***** SUPPLIED MATERIAL *****

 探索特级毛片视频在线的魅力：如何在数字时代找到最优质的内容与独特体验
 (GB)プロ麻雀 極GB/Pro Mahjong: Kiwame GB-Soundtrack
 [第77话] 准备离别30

*****
***** SUPPLIED MATERIAL *****

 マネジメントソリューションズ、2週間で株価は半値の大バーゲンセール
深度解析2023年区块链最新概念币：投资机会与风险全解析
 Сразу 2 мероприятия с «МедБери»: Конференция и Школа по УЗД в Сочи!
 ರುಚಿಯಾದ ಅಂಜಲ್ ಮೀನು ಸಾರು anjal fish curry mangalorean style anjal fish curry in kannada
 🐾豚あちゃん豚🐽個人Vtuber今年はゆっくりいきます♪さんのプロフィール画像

*****

Would you please write out, exactly and with no other lines, the stretch of the listing above from the line containing "探索特级毛片视频在线的魅力：如何在数字时代找到最优质的内容与独特体验" through the line containing "[第77话] 准备离别30"?

 探索特级毛片视频在线的魅力：如何在数字时代找到最优质的内容与独特体验
 (GB)プロ麻雀 極GB/Pro Mahjong: Kiwame GB-Soundtrack
 [第77话] 准备离别30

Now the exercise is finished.